(Work instruction): Once the line holding "Slide: The Image" is found, output it and all remaining lines of the data exactly, with every picture left out.
Given records section start
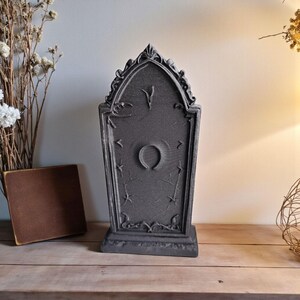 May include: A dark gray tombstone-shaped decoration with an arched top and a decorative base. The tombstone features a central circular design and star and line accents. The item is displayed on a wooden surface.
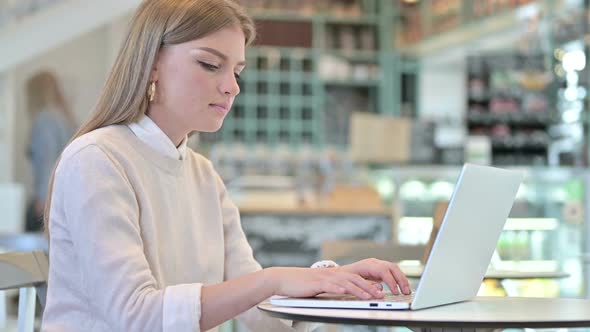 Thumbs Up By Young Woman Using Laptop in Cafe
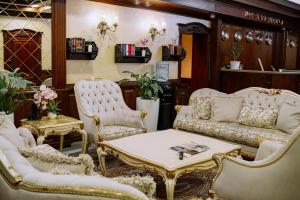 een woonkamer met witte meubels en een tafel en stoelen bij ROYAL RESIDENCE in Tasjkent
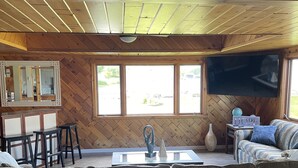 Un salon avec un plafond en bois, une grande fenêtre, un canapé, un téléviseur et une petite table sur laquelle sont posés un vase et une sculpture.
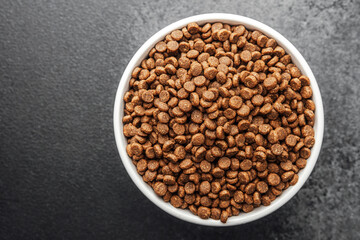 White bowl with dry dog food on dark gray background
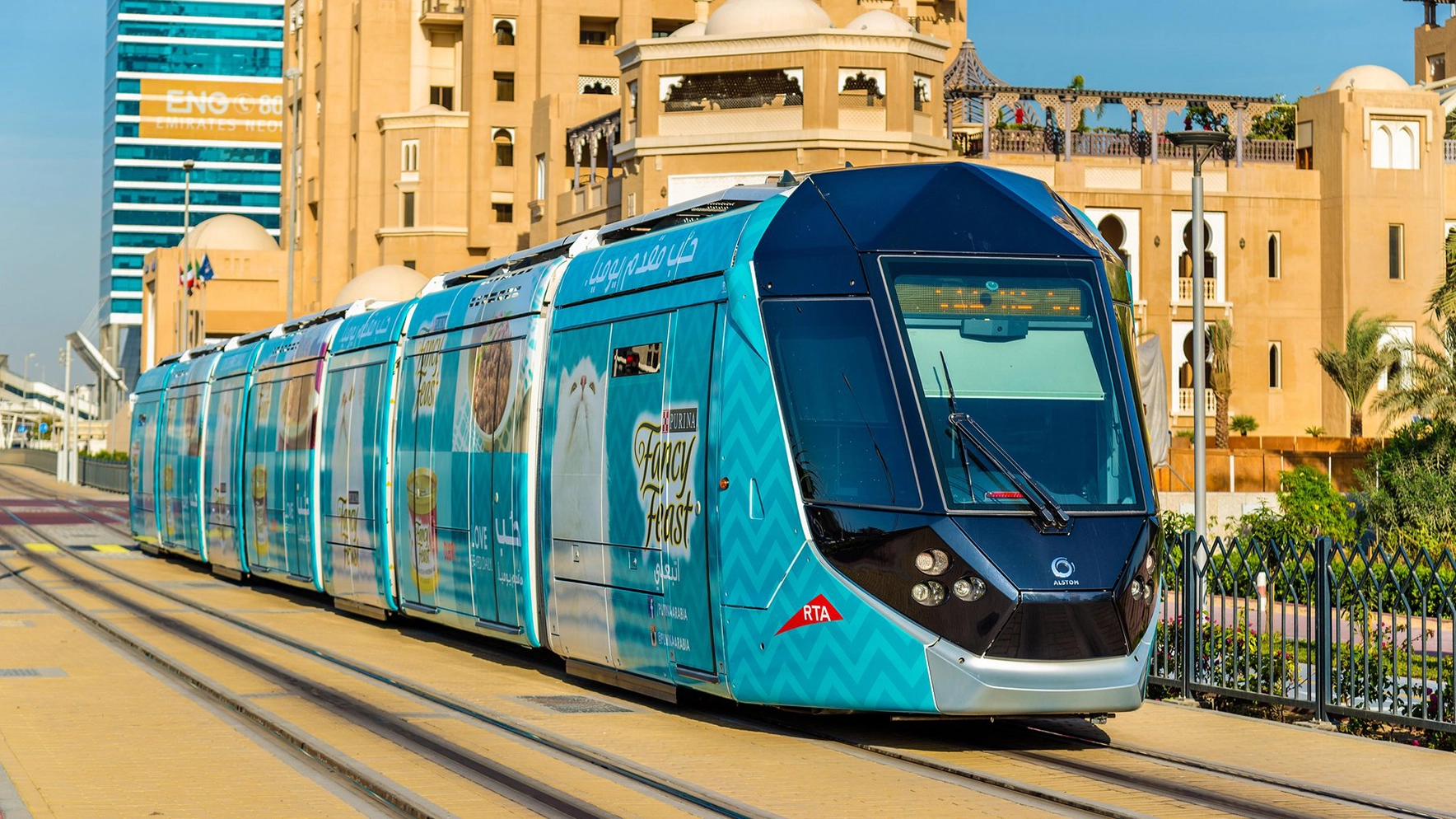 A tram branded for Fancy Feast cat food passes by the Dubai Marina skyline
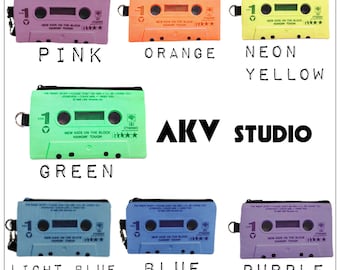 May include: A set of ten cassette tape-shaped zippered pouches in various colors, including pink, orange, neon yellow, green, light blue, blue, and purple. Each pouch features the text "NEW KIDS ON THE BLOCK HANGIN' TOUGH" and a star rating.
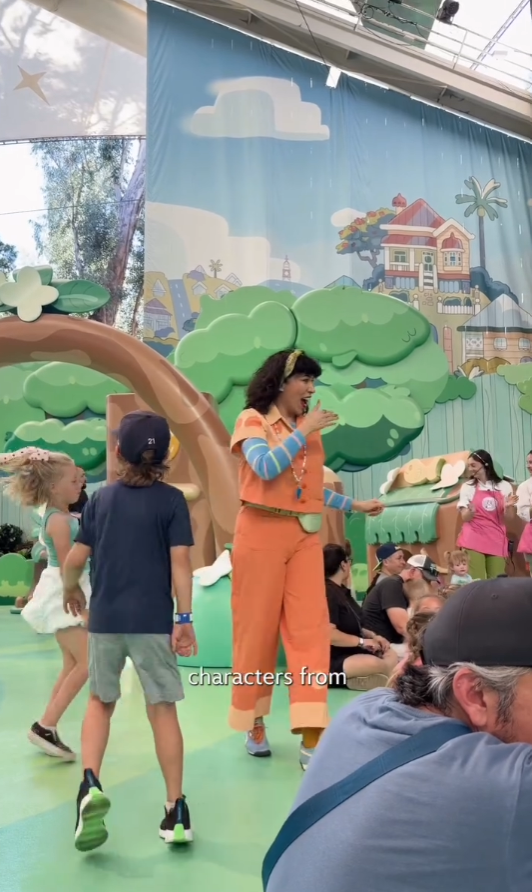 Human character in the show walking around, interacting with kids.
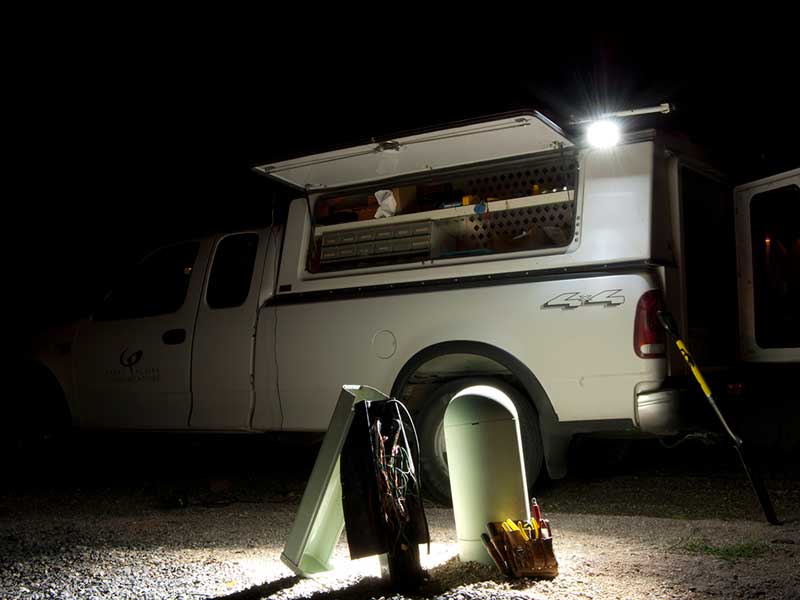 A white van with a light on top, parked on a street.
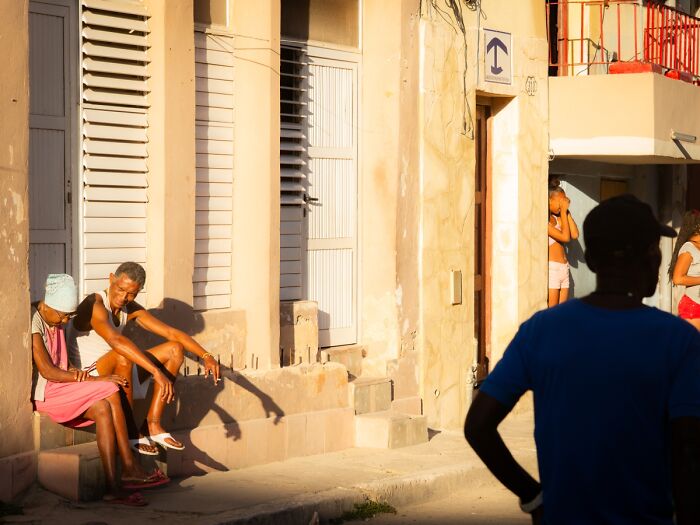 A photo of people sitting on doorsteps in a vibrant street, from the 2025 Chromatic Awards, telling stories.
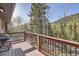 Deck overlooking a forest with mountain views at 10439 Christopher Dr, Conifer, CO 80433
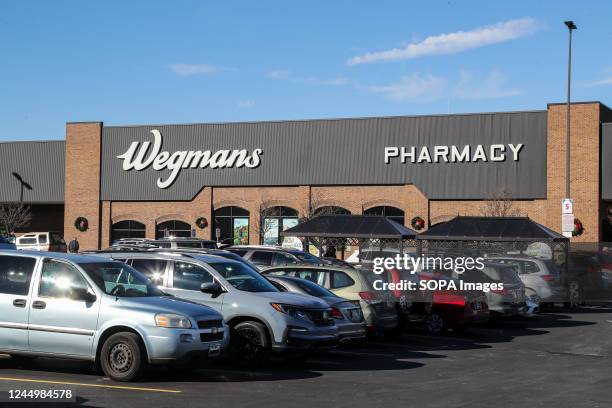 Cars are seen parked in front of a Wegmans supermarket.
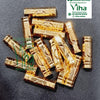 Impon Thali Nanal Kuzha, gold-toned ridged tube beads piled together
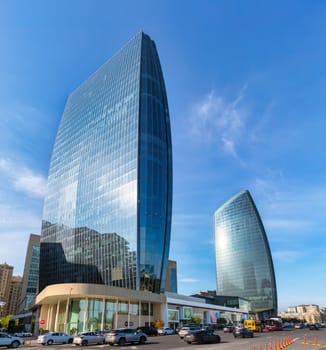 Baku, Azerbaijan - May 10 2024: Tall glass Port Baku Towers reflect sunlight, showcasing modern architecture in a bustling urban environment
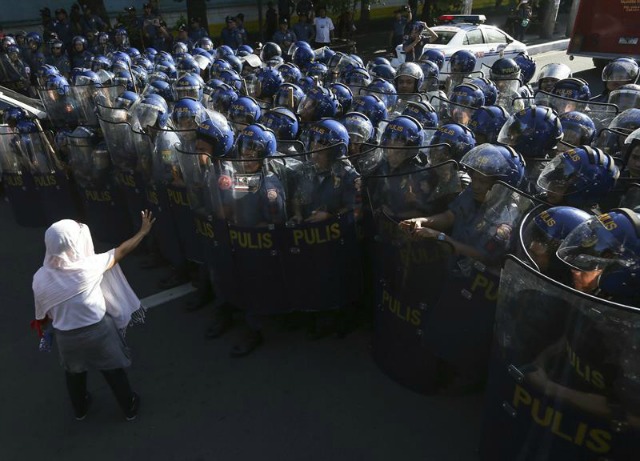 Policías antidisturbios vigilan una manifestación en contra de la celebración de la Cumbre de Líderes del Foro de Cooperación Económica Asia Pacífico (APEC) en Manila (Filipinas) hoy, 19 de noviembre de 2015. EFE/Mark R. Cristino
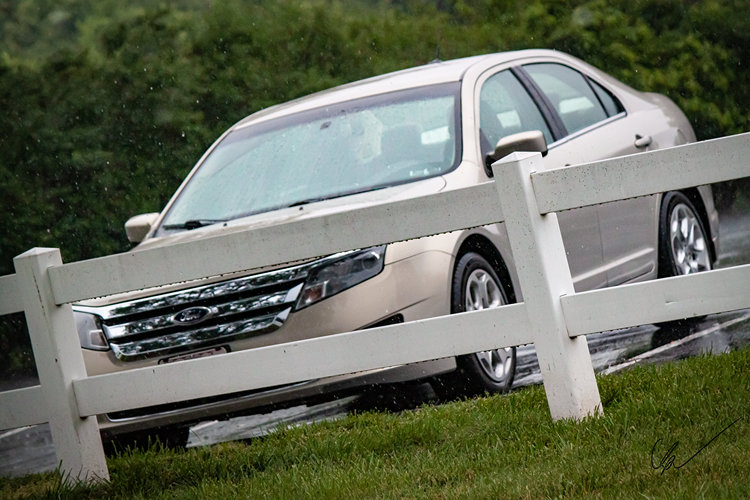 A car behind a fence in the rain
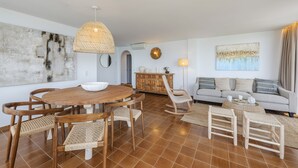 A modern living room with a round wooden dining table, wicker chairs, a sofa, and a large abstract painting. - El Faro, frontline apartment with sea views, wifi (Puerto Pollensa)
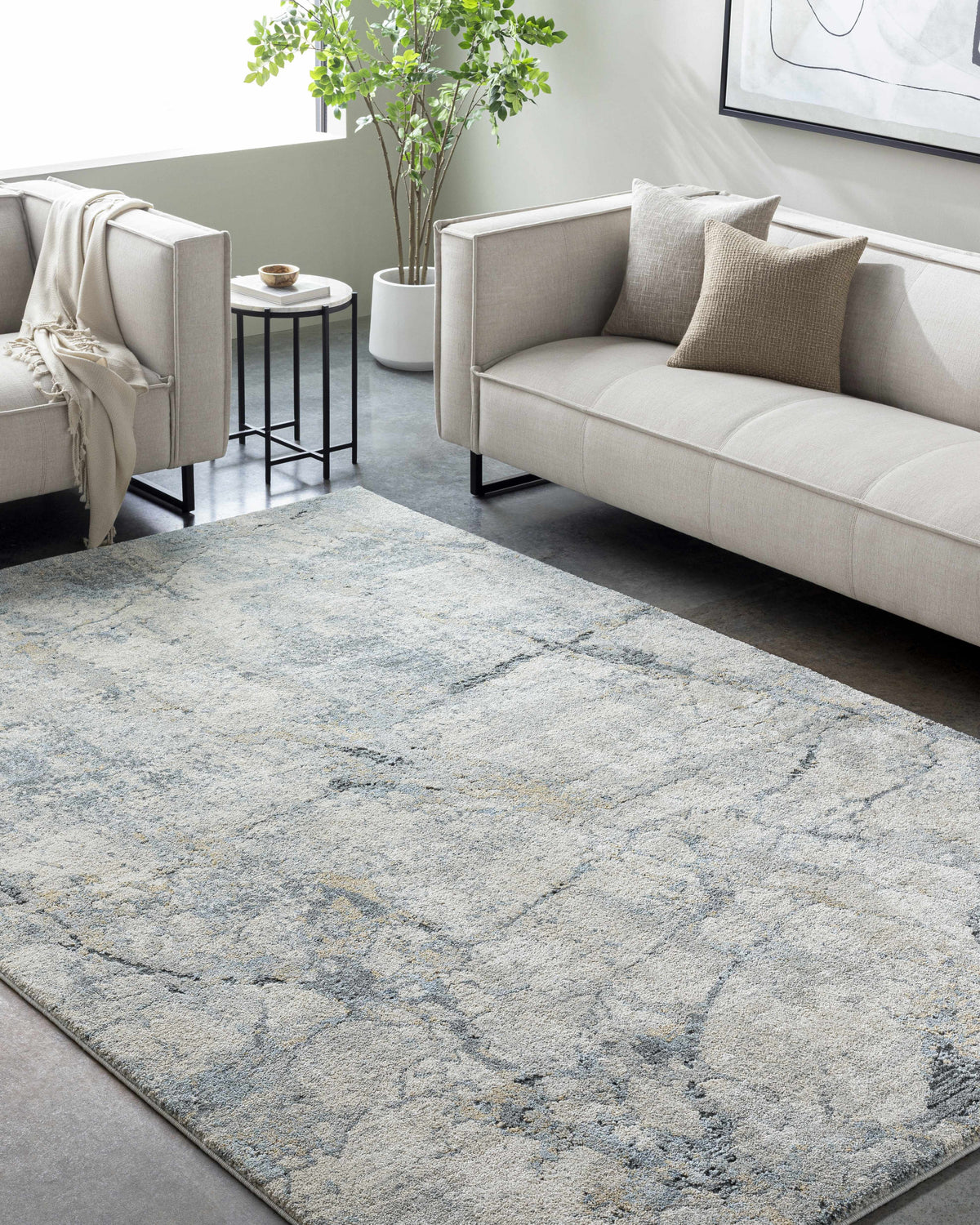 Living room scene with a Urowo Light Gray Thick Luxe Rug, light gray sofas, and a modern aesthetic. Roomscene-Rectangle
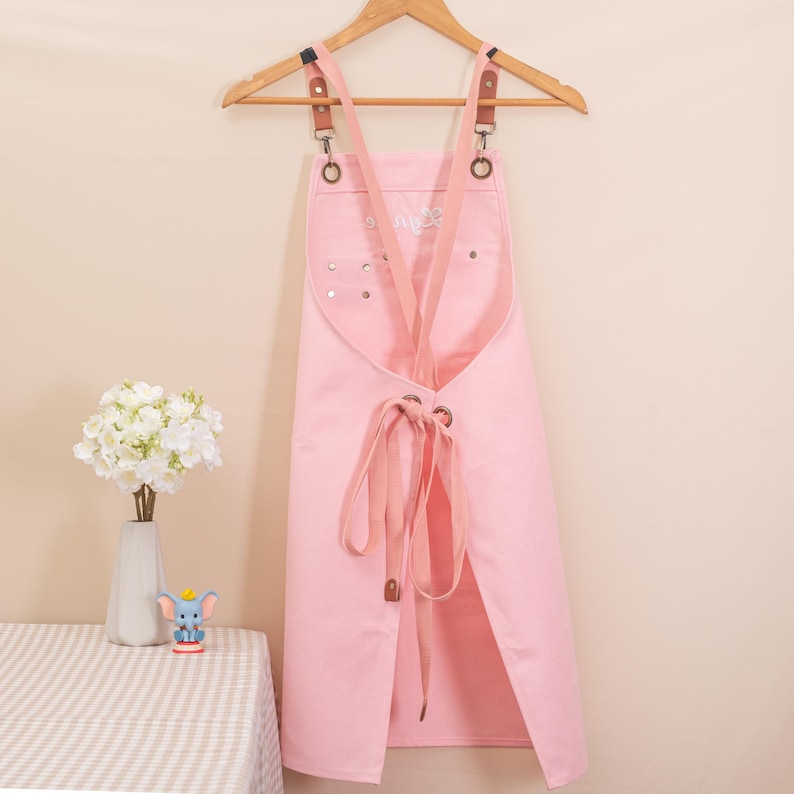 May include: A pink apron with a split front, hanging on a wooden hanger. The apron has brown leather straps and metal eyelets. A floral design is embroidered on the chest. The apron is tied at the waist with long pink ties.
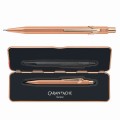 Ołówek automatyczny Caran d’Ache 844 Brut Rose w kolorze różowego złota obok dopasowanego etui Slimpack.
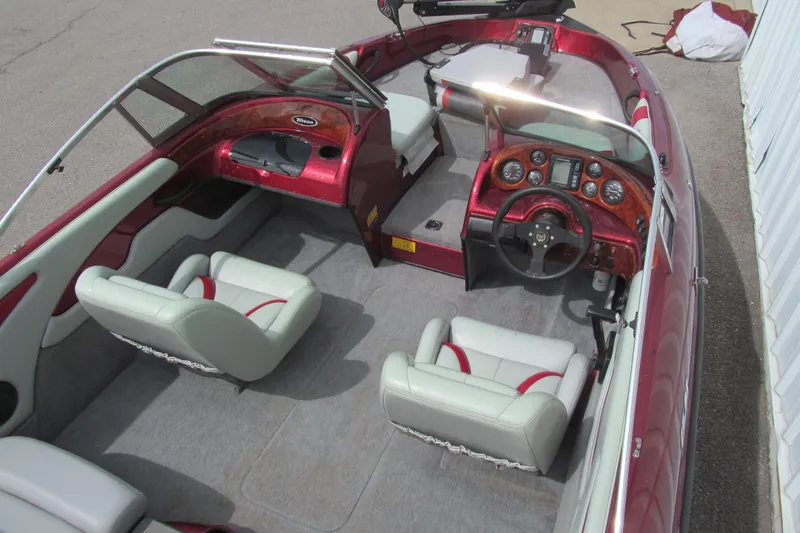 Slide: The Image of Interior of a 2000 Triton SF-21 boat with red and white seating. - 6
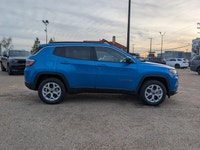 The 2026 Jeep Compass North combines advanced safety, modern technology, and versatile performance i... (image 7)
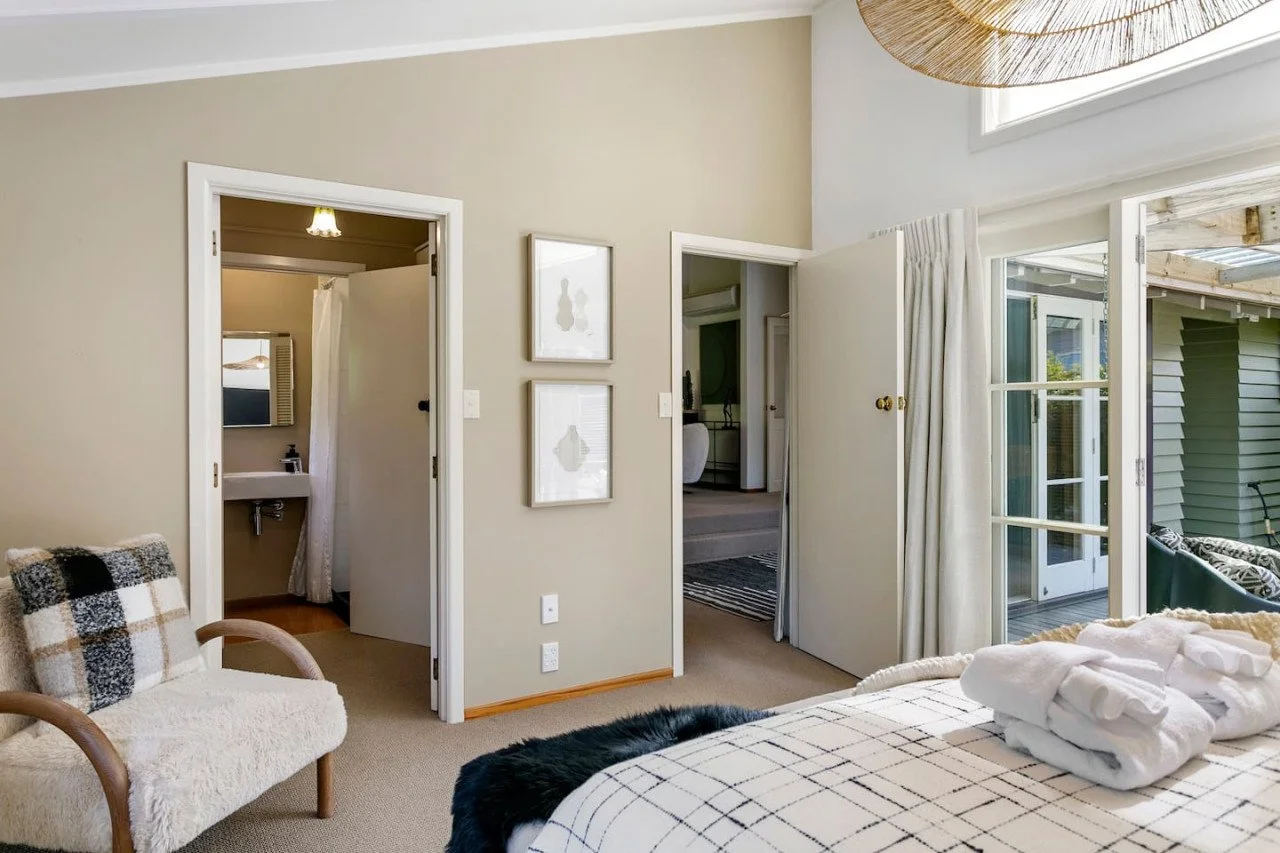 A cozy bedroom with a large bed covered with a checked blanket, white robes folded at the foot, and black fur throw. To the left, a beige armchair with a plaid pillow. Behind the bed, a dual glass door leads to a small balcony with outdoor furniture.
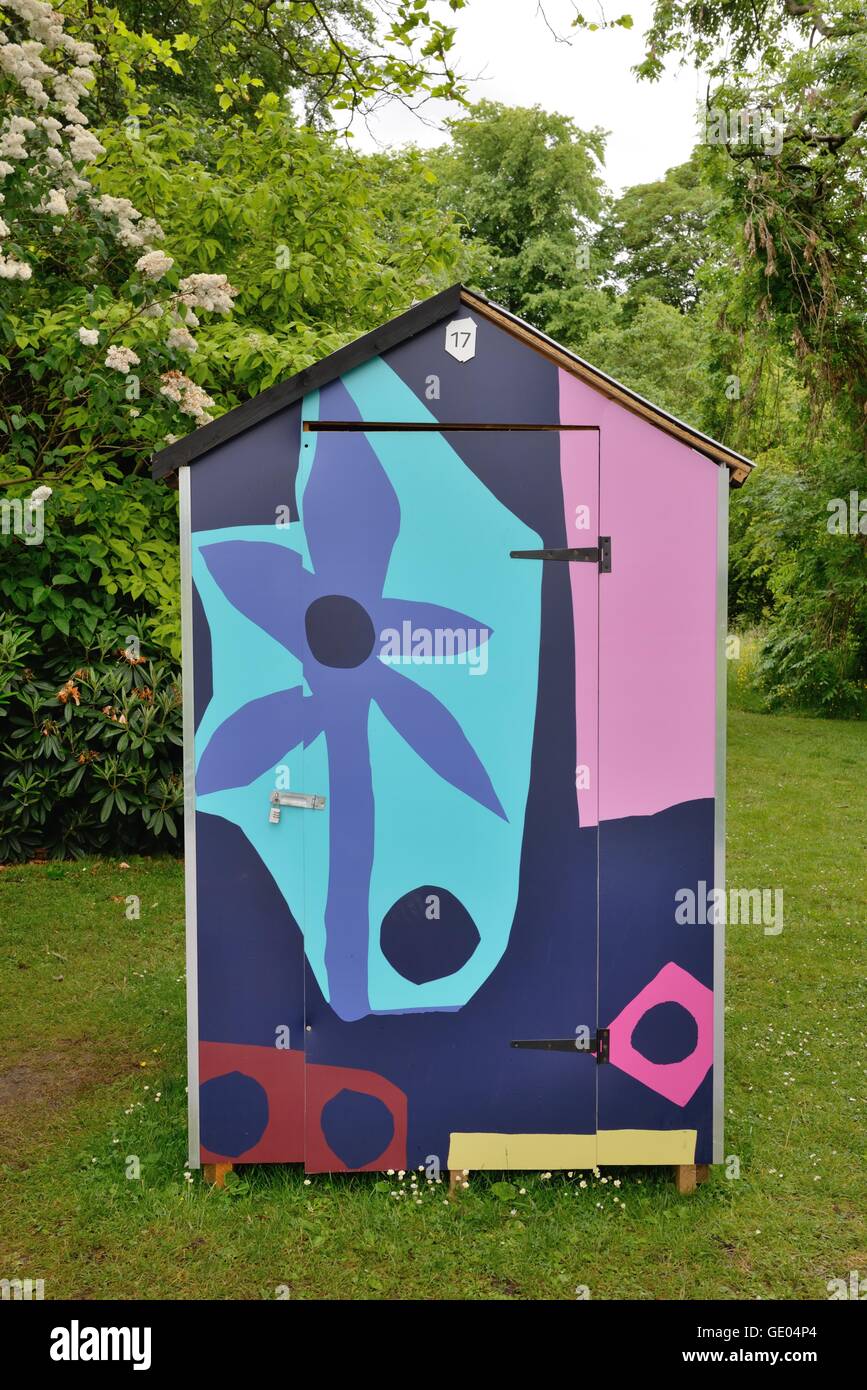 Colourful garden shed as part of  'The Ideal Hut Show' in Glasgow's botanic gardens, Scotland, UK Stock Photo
Given records section end
(Finished exercise):
 Slide: The Image of Interior of a 2000 Triton SF-21 boat with red and white seating. - 6
 The 2026 Jeep Compass North combines advanced safety, modern technology, and versatile performance i... (image 7)
 A cozy bedroom with a large bed covered with a checked blanket, white robes folded at the foot, and black fur throw. To the left, a beige armchair with a plaid pillow. Behind the bed, a dual glass door leads to a small balcony with outdoor furniture.
 Colourful garden shed as part of  'The Ideal Hut Show' in Glasgow's botanic gardens, Scotland, UK Stock Photo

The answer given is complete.